* _Exercise requirements_:
In your copy, the records appear word for word and the pictures do not appear at all.

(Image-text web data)
━━━━━━

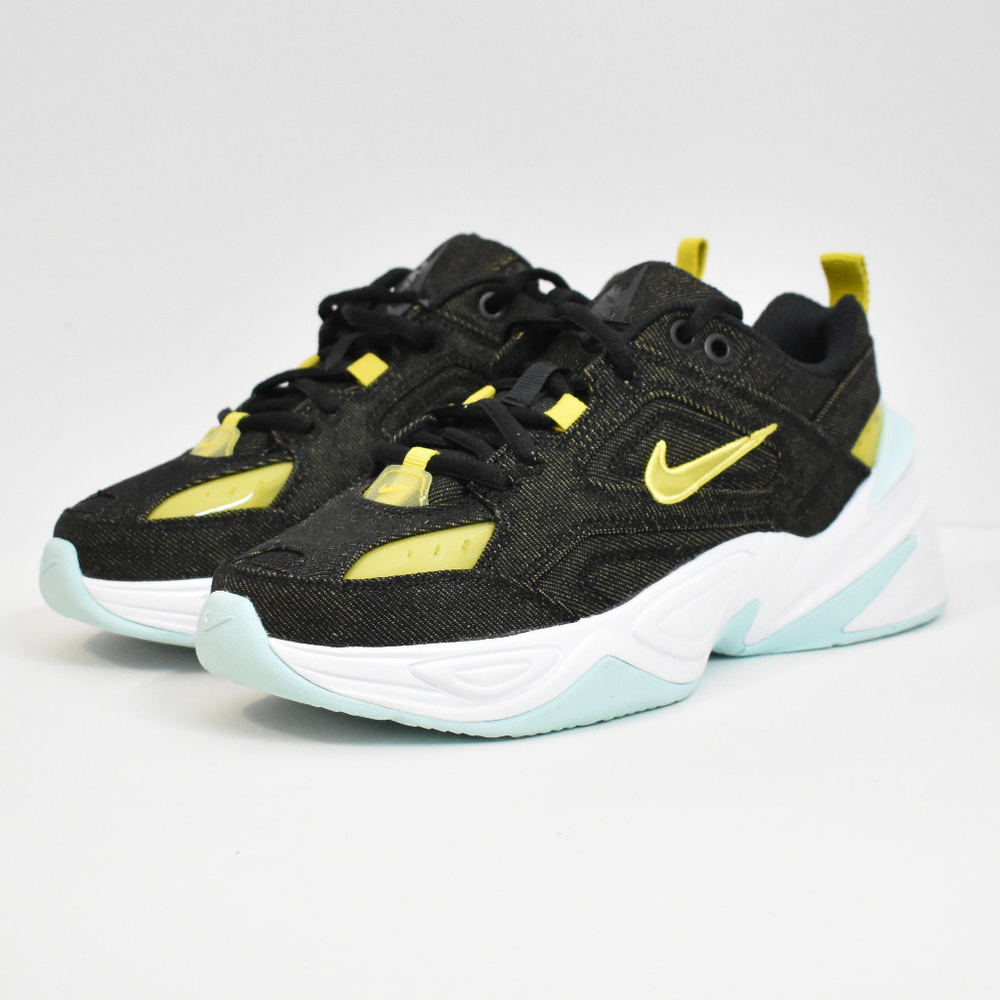 Nike M2K Tekno Twill Denim  BV0970-001 Size 6.5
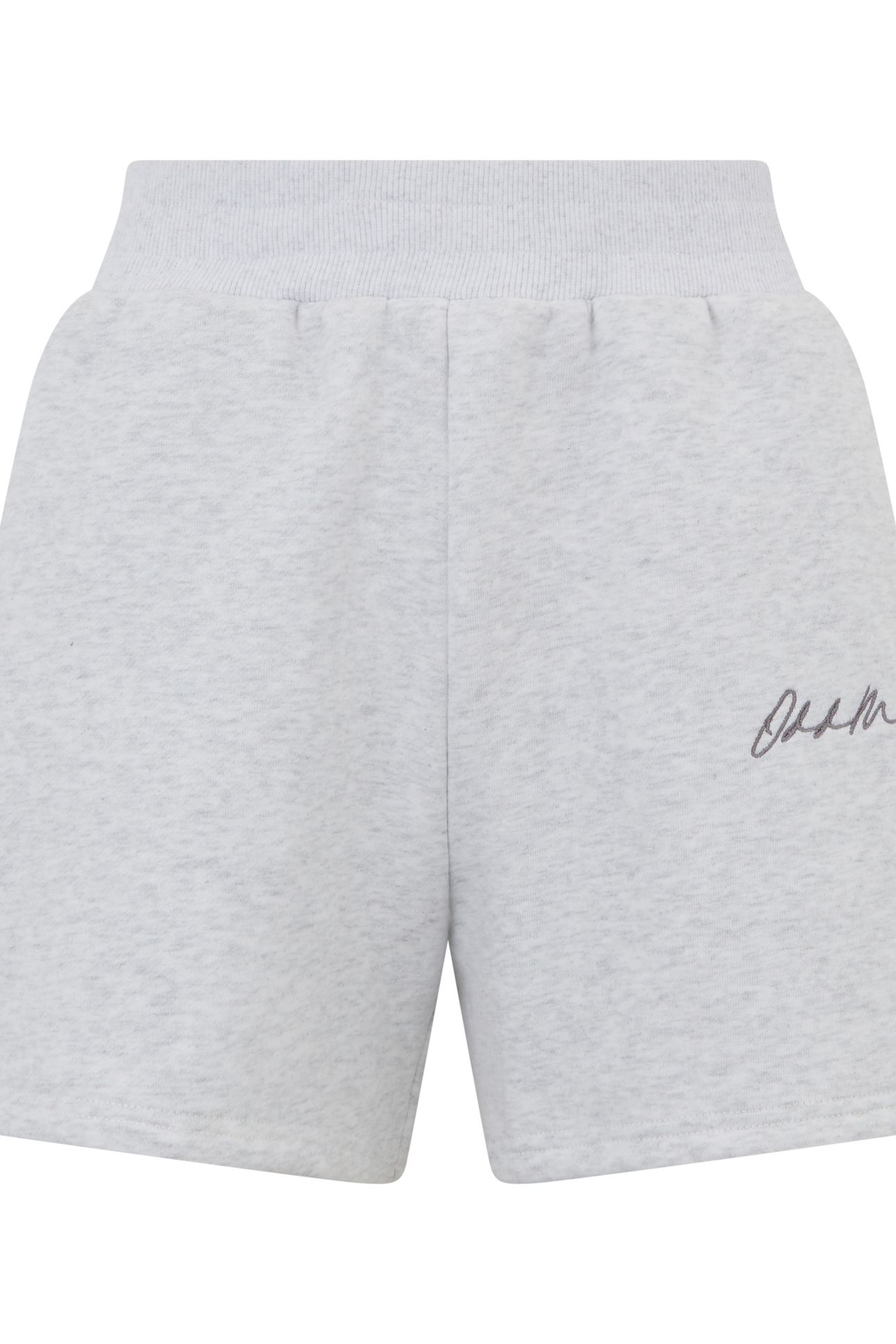 COTTON SWEAT SHORTS GREY 3
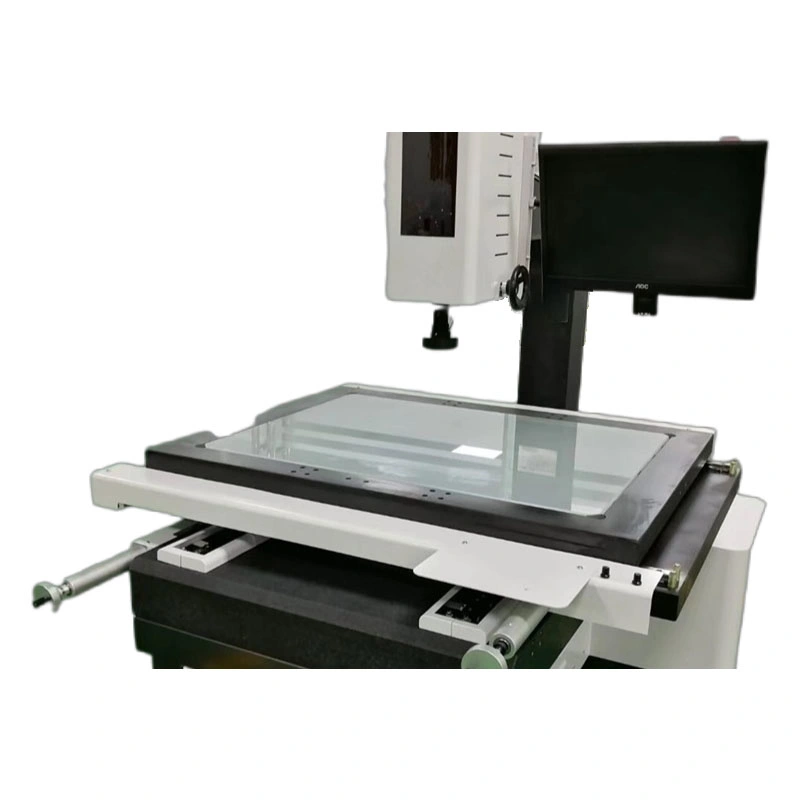 Lab Equipment Manual Quadratic Measuring Machine / Test Machine / Test Chamber / Testing Equipment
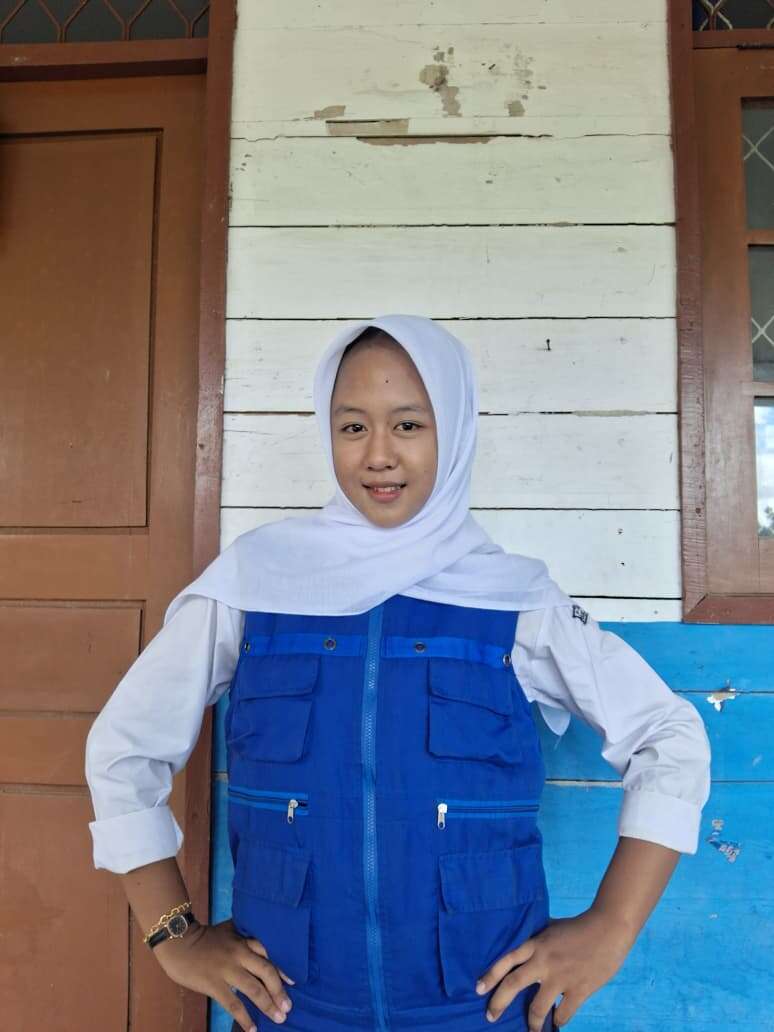 MEILAN ARIANI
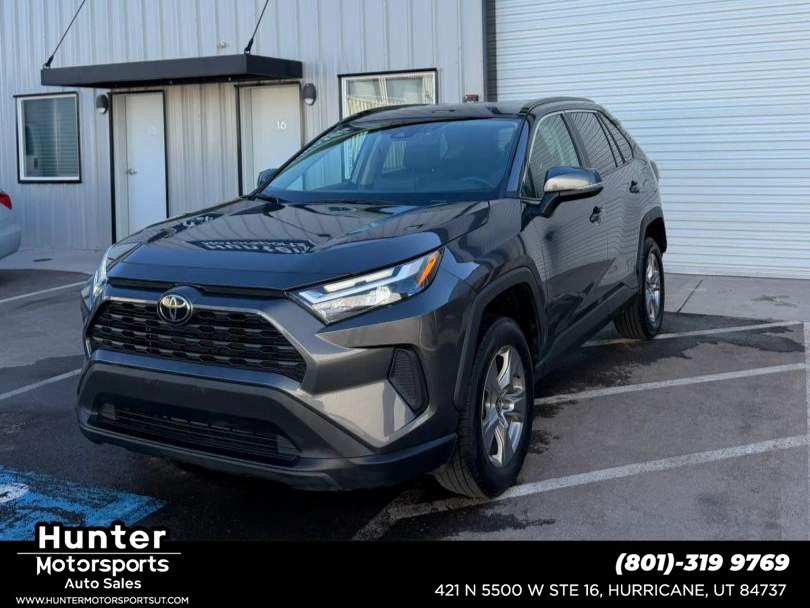 Used 2024 Toyota RAV4 XLE w/ Weather Package AWD/4WD image 1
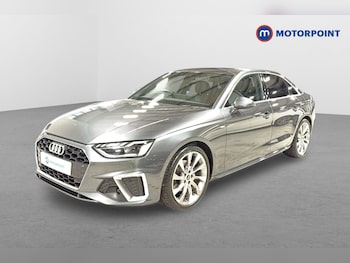 Used Audi A4 2022 for sale - 78287097: Photo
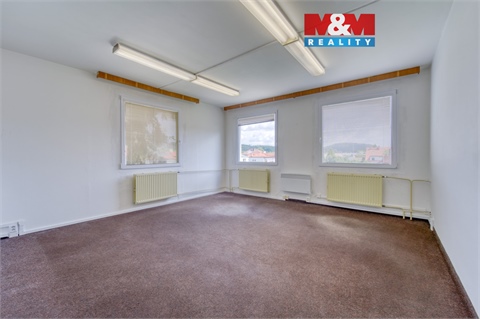 Pronájem kanceláře, 22 m² 0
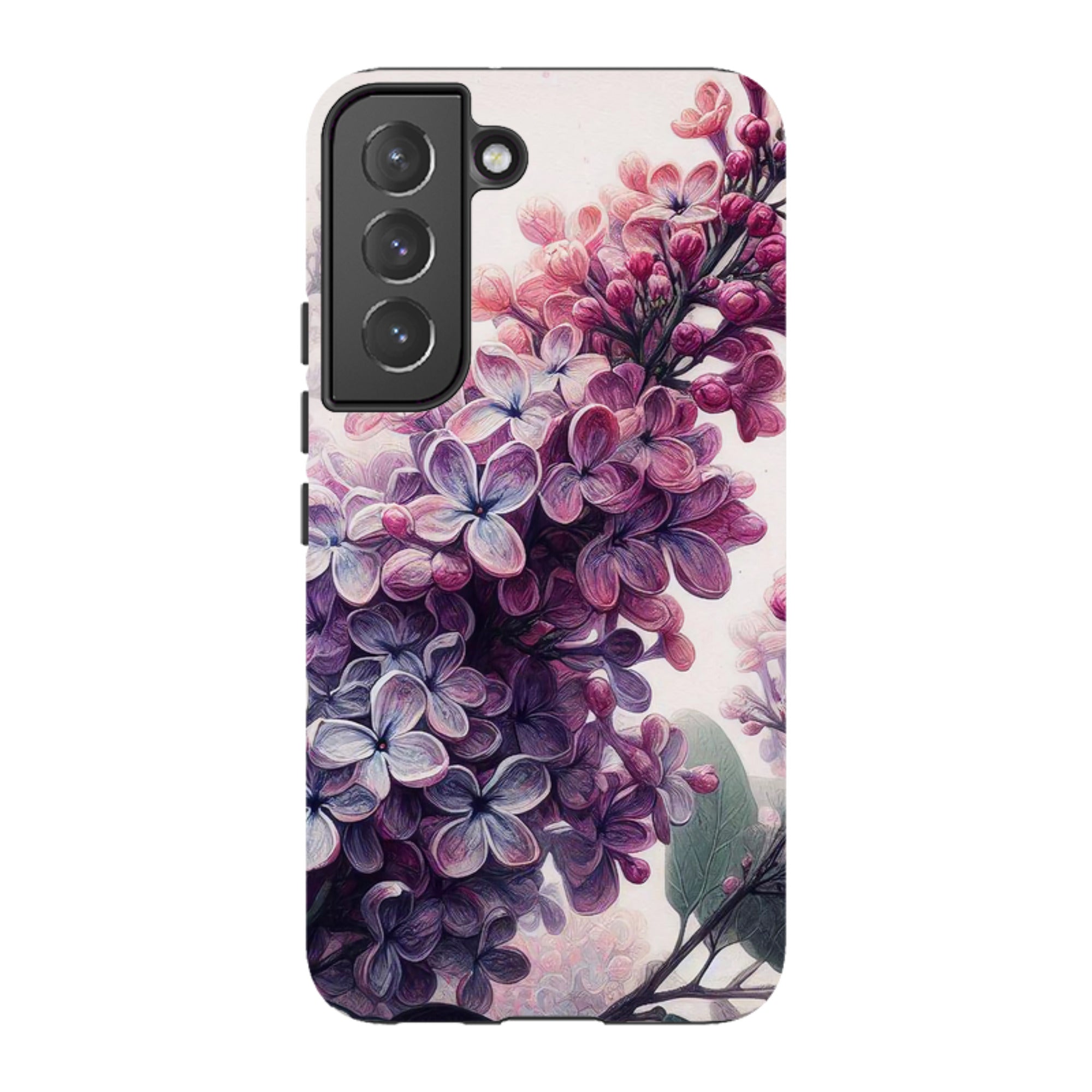Samsung Tough Case - Dozmary Floral
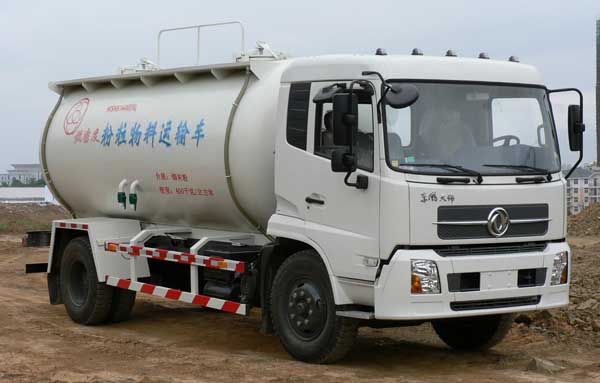 程力粉粒物料運(yùn)輸車|前四后八粉粒物料運(yùn)輸車|散裝水泥運(yùn)輸車|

━━━━━━

* _Solution to the exercise_:
 Nike M2K Tekno Twill Denim  BV0970-001 Size 6.5
 COTTON SWEAT SHORTS GREY 3
 Lab Equipment Manual Quadratic Measuring Machine / Test Machine / Test Chamber / Testing Equipment
 MEILAN ARIANI
 Used 2024 Toyota RAV4 XLE w/ Weather Package AWD/4WD image 1
 Used Audi A4 2022 for sale - 78287097: Photo
 Pronájem kanceláře, 22 m² 0
Samsung Tough Case - Dozmary Floral
 程力粉粒物料運(yùn)輸車|前四后八粉粒物料運(yùn)輸車|散裝水泥運(yùn)輸車|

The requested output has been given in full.